### Your instructions
No pictures belong in the copy. Set down exactly the lines from the one that contains "伊賀留我神社(南社)(三重県)" through the end of the data.

### Data for this task
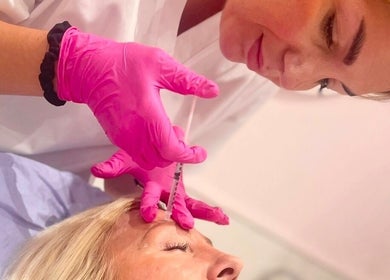Professional beauty treatment at H Derma Beauti Aesthetics Norwich in Norwich, England, GB.
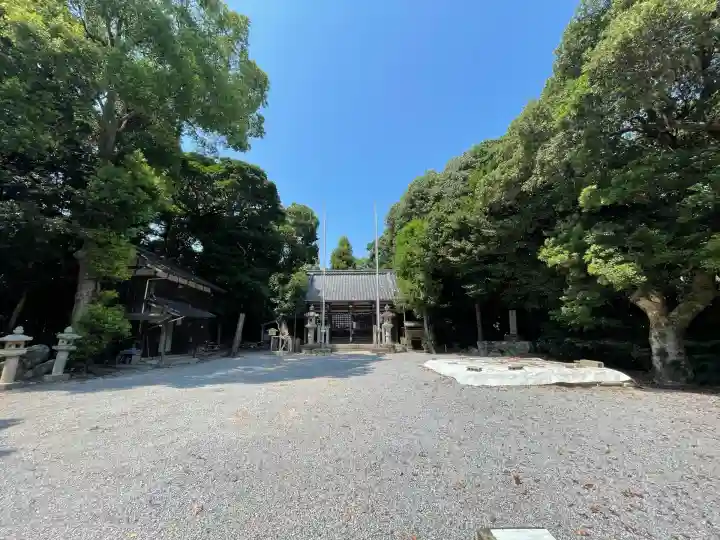 伊賀留我神社(南社)(三重県)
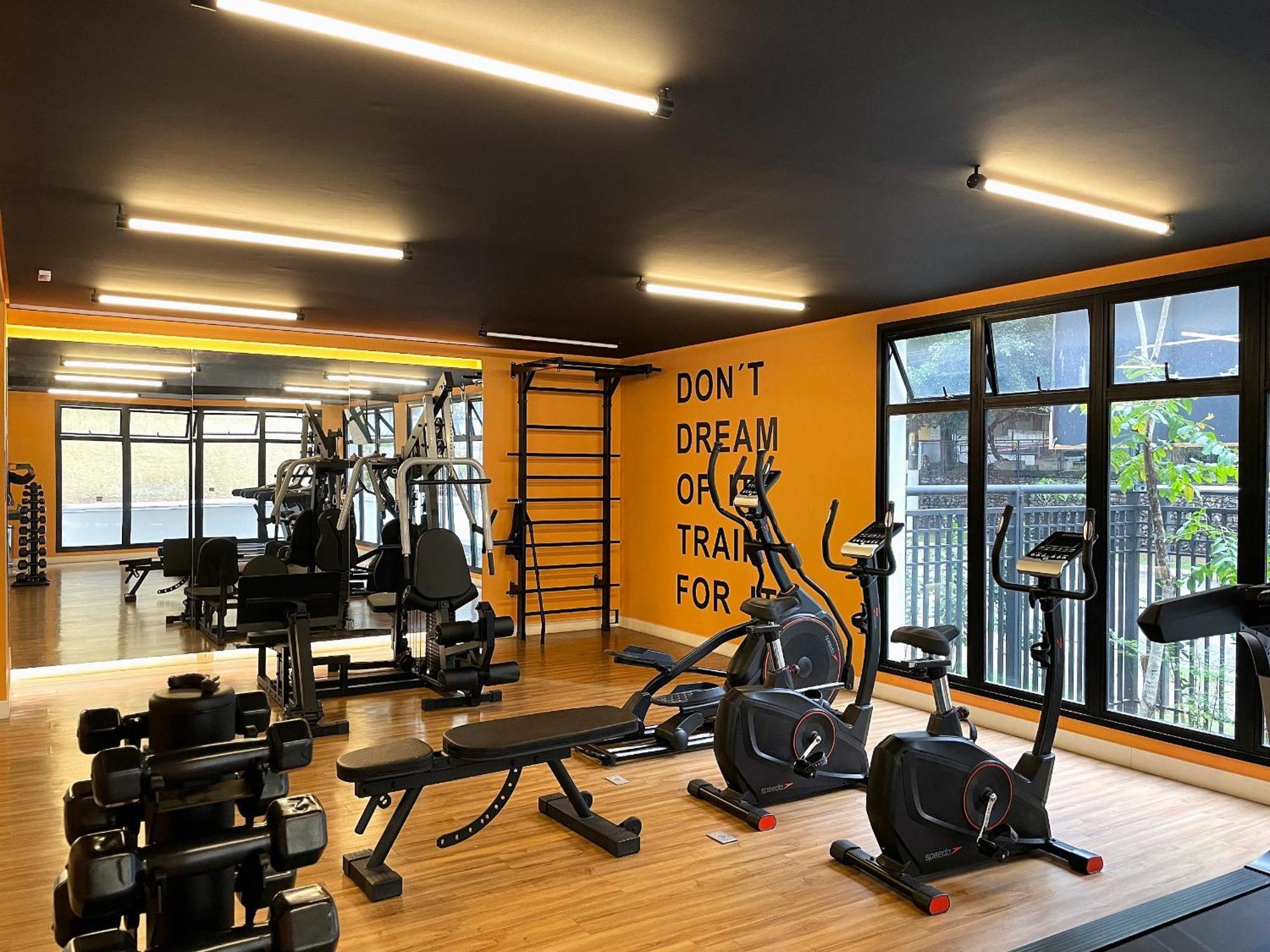 Vista Incrivel, Piscina, Academia|brazilian Corner
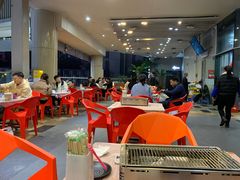 -回头烧烤(悦荟购物中心店)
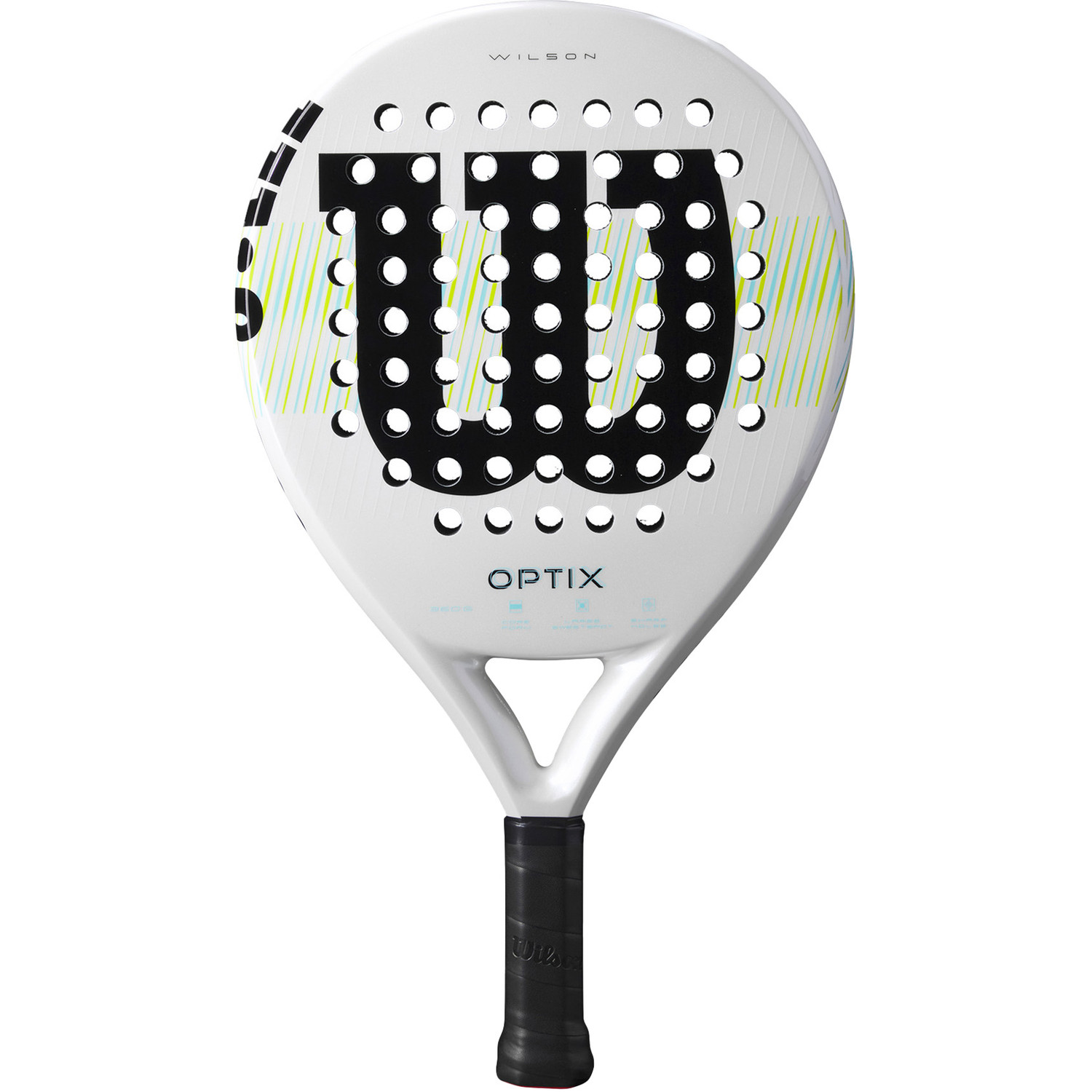 Wilson Optix V1 White - PassaSports.de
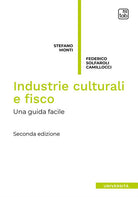 Cover of Industrie culturali e fisco. Una guida facile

### Reply to the task
 伊賀留我神社(南社)(三重県)
 Vista Incrivel, Piscina, Academia|brazilian Corner
 -回头烧烤(悦荟购物中心店)
 Wilson Optix V1 White - PassaSports.de
 Cover of Industrie culturali e fisco. Una guida facile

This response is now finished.